# Чорнобиль | Chernobyl & Pripyat



## Audiomuse (Dec 20, 2005)

Fascinating! Thanks


----------



## skydive (Apr 24, 2008)

good to see you can visit the place, as in it is safe to do so, for some reason i had the impression it was a no go area due to radiation hazard . Great pictures and many thanks for sharing them


----------



## Munichpictures1970 (Aug 2, 2007)

Wow, a great report, thanks for sharing!


----------



## Juancho D (Feb 2, 2006)

I want one of these books for my own . I love those soviet drawings.










By the way, amazing photos. It must be really shocking to be there and see all that devastation.


----------



## Imperfect Ending (Apr 7, 2003)

hellospank25 said:


> were you allowed to take some of those books if you wanted to? they would make a nice souvenir


I don't think you want anything that's filled with radiation in your house


----------



## cpm_seattle (Jul 25, 2007)

Very interesting. Nice shots and explanations. Thanks for posting!


----------



## christos-greece (Feb 19, 2008)

Stunning pics


----------



## city_thing (May 25, 2006)

Some of you might find this website really interesting, http://www.kiddofspeed.com

I discovered it a few years ago, and go back to it a few times a year because I love the photos and the stories and science. It's about a woman that rides her motorbike through Pripyat and the dead zone, it's a great website.
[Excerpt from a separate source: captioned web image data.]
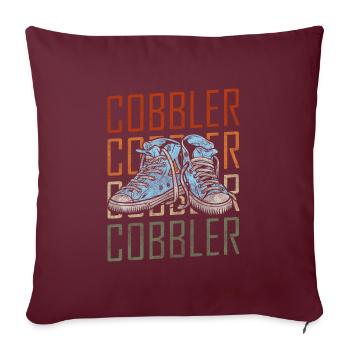 Bottes de cordonnier - Housse de coussin décorative 45 x 45 cm - bordeaux - Devant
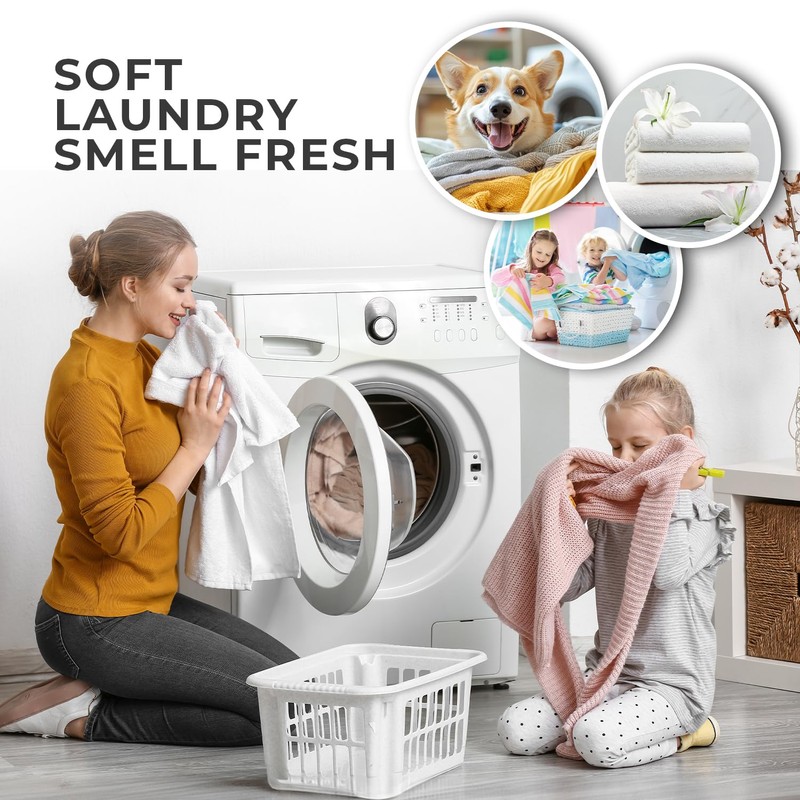 MeltingTabs Washing Machine Cleaner, 6-Pack, Unscented – Fresh Laundry and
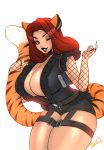  animal_humanoid book breasts felid felid_humanoid female hi_res humanoid luvon mammal mammal_humanoid one_eye_closed pantherine pantherine_humanoid solo tiger_humanoid wink 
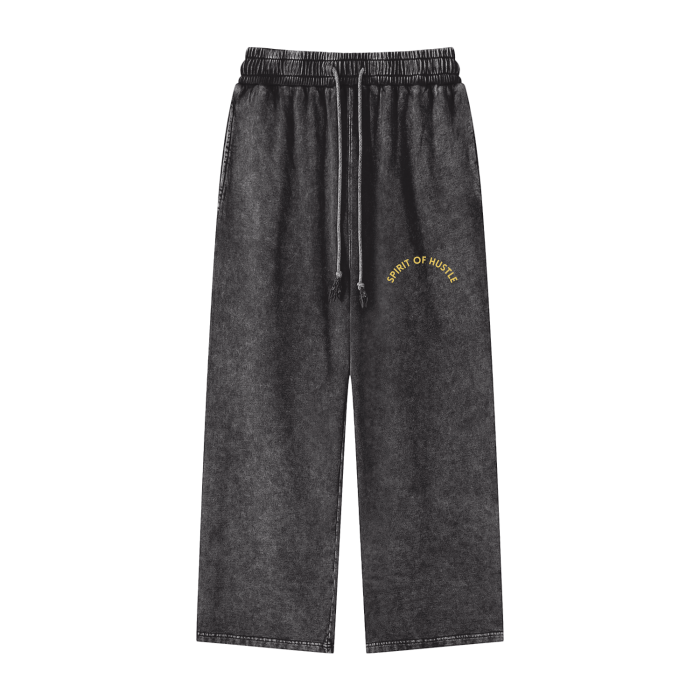 Unisex Straight Leg Denim Style Pants - SPIRIT OF HUSTLE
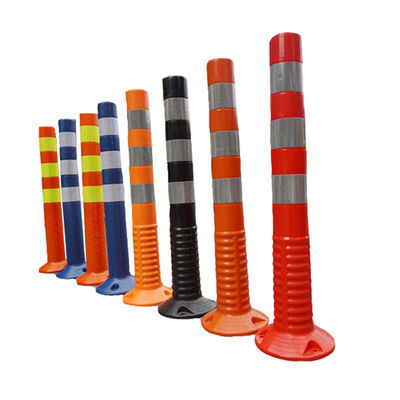 Conejos de seguridad vial de PVC Conejos de construcción de carreteras naranja personalizados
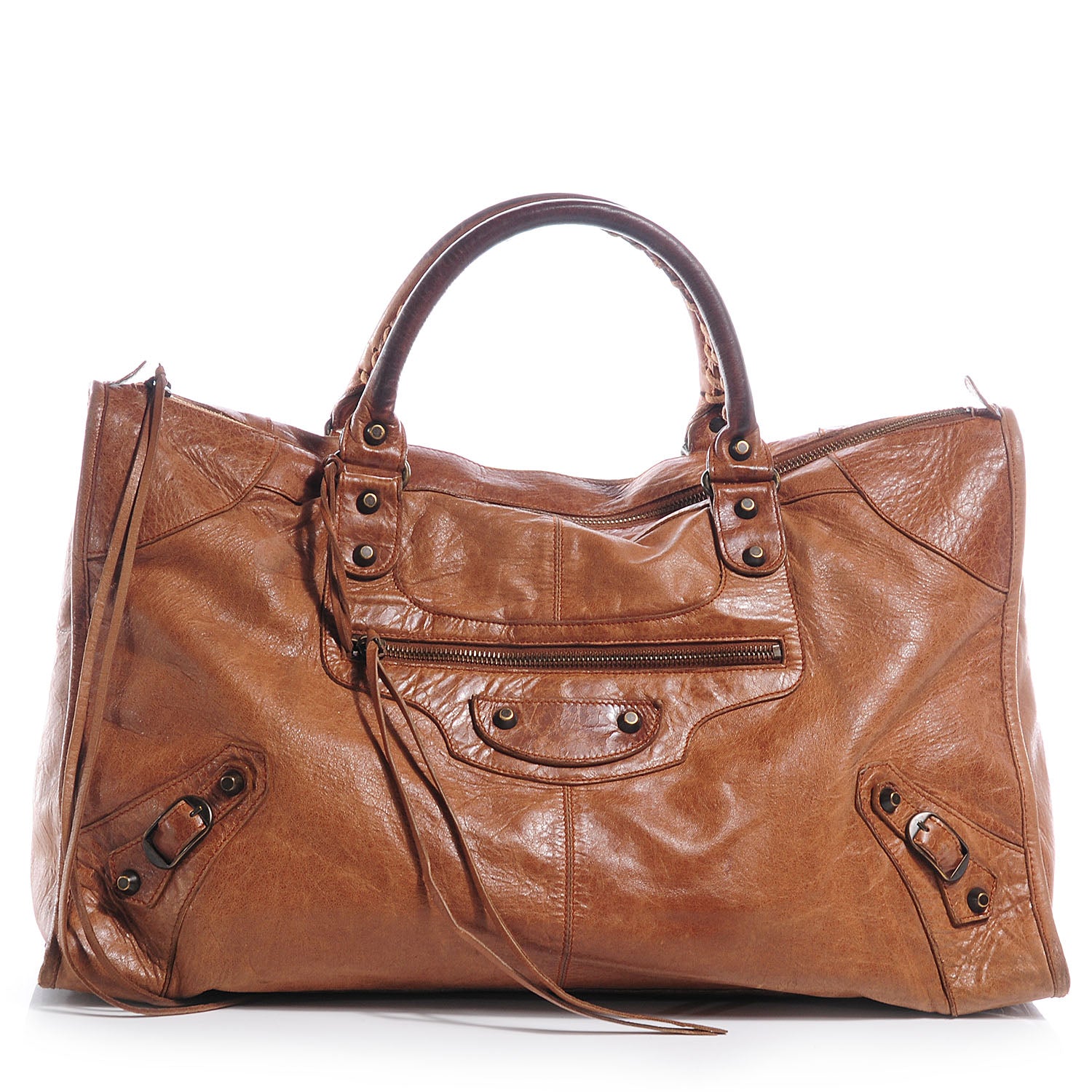 Balenciaga Chevre Work Camel 1 of 9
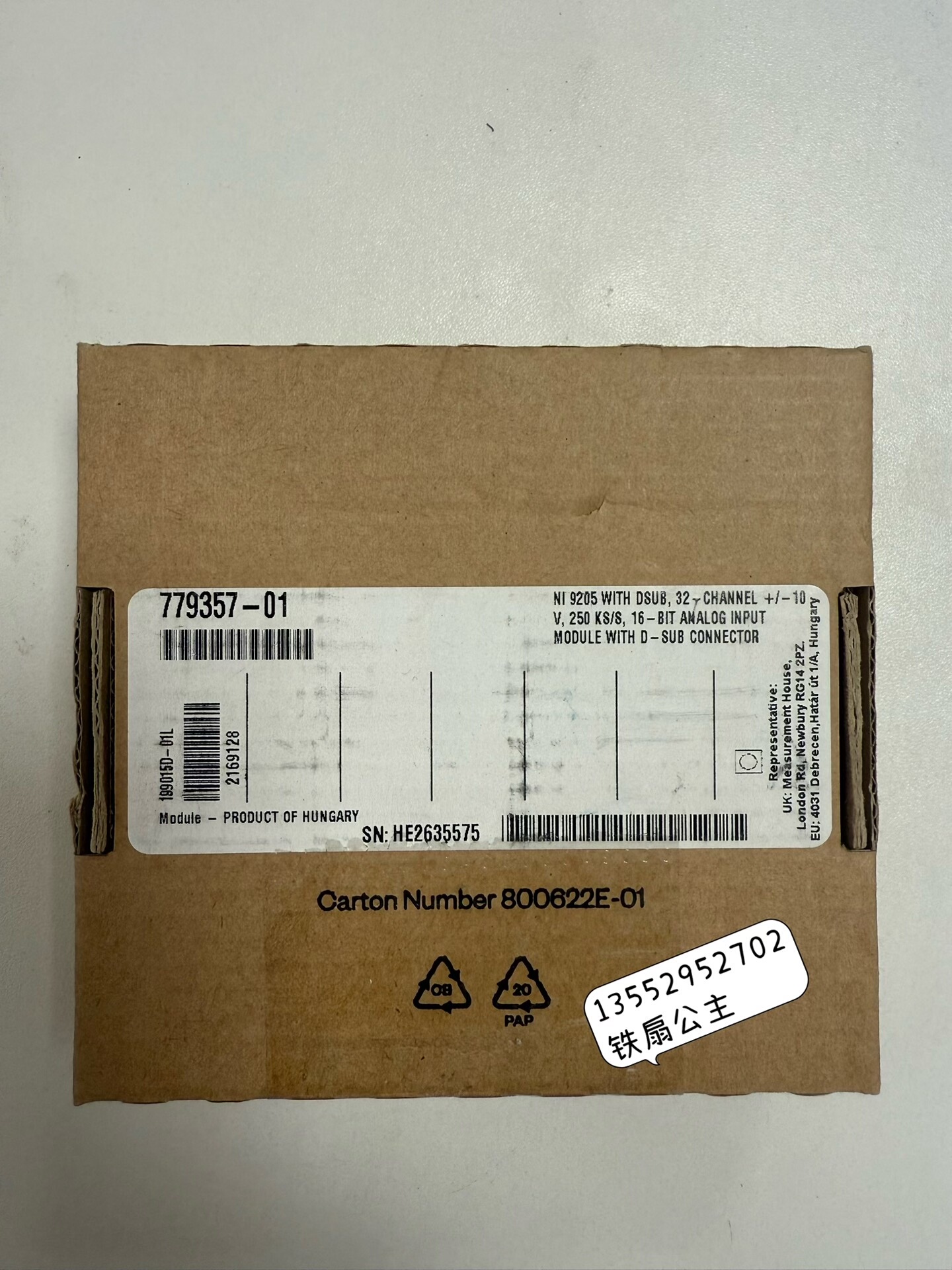 NI-9205 原装正品全新779357-01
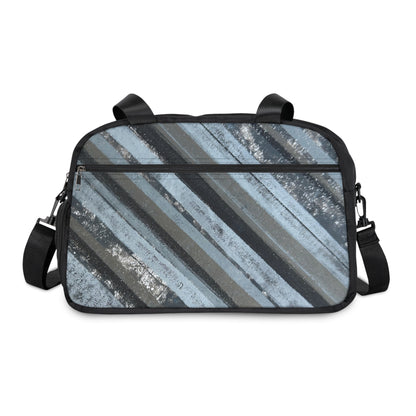 The Gym Bag - Rustic Stripe, Steel Blue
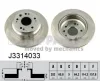 Bremsscheibe Hinterachse NIPPARTS J3314033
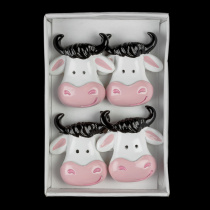 Набор ErichKrause Decor® 4 коровки на липучке 4см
Thanks for all the information regarding the tour through the dead zone as well, really great photos


----------



## AntalossZV (Sep 15, 2010)

bleeeeeeeeee Chernobyl is RADIOACTIVE ! :banana: :down: :angel1: :gaah:


----------



## cuartango (Apr 22, 2009)

Very impressive pics, thanks a lot for sharing!


----------



## Abdul Smith (Apr 23, 2013)

What an interesting and unique thread. I much prefer these type of threads that are done to show the real side of what`s really there, whether beautiful or not.


----------